The United Kingdom has other tools at its disposal. Since 2018, the government has been able to issue Unexplained Wealth Orders, which require a targeted individual to explain how they purchased an asset. If the origin of the funds cannot be explained, the asset can be confiscated.

In practice, such orders have seldom been used. They were issued in only four cases between 2018 and June 2021, according to the House of Commons Library.

Sanctions with teeth

Critics say the government’s hands-off approach, coupled with the ability of oligarchs to use the legal system to shield themselves from scrutiny, has allowed Russian expatriates to wield huge influence in the United Kingdom.

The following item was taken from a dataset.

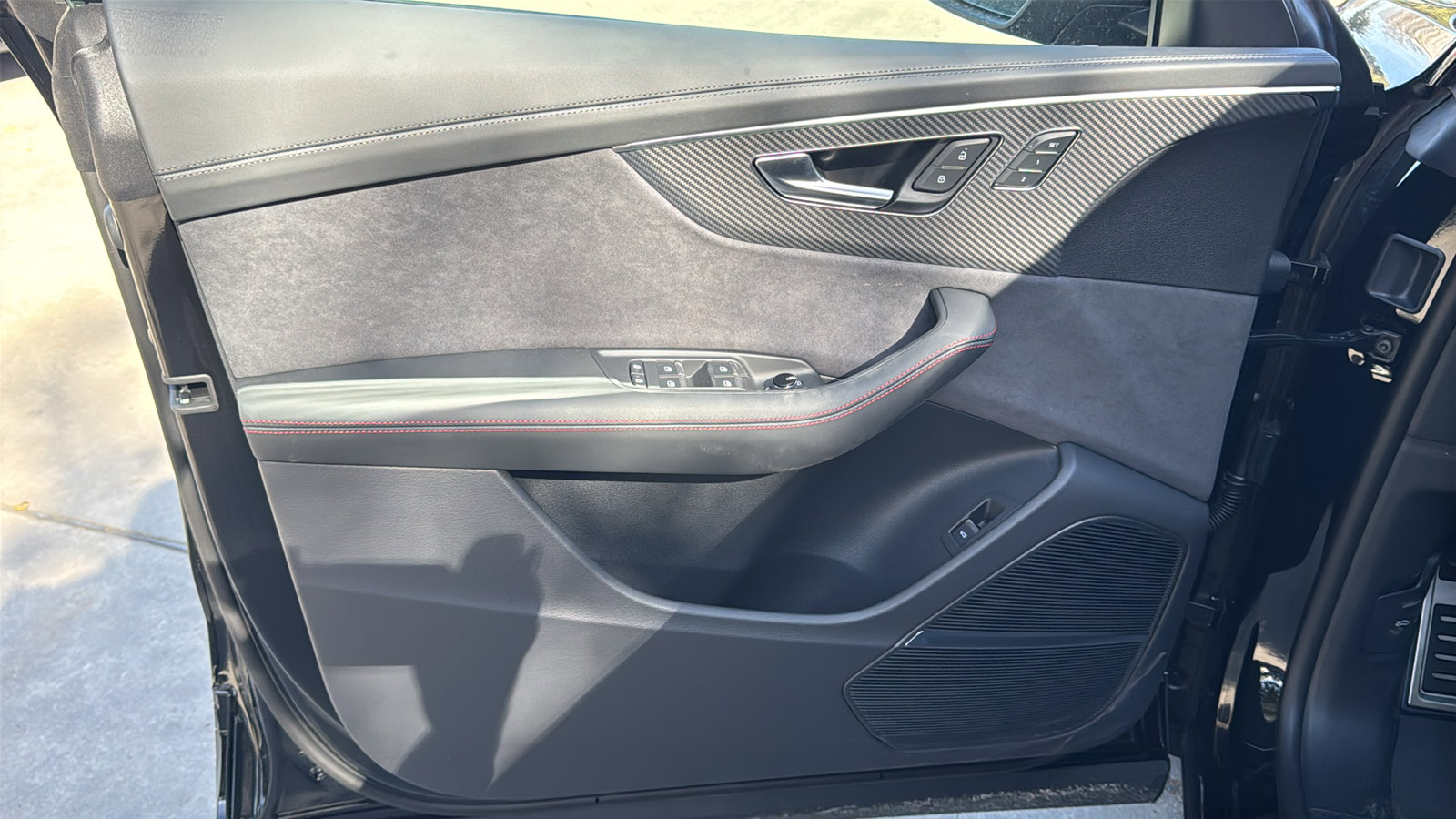 New 2026 Audi SQ8 Prestige image 12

“The links of the Russian elite to the UK — especially where this involves business and investment — provide access to UK companies and political figures, and thereby a means for broad Russian influence in the UK,” the Intelligence and Security Committee of Parliament said in its 2020 report.

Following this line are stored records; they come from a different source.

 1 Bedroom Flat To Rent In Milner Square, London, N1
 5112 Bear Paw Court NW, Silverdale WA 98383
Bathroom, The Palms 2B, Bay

“To a certain extent, this cannot be untangled and the priority now must be to mitigate the risk and ensure that, where hostile activity is uncovered, the tools exist to tackle it at source,” it continued.

Even so, Kustra said the United Kingdom can help deter Moscow from ordering an invasion of Ukraine by targeting oligarchs in the country and coordinating its response with the European Union and the United States, which has the power to make Russian banks “radioactive.”

“Previous rounds of sanctions have been imposed symbolically, and given the very serious concerns we have over Russia dismembering one of its neighbors … it behooves the government to go and put some teeth behind these measures,” said Kustra.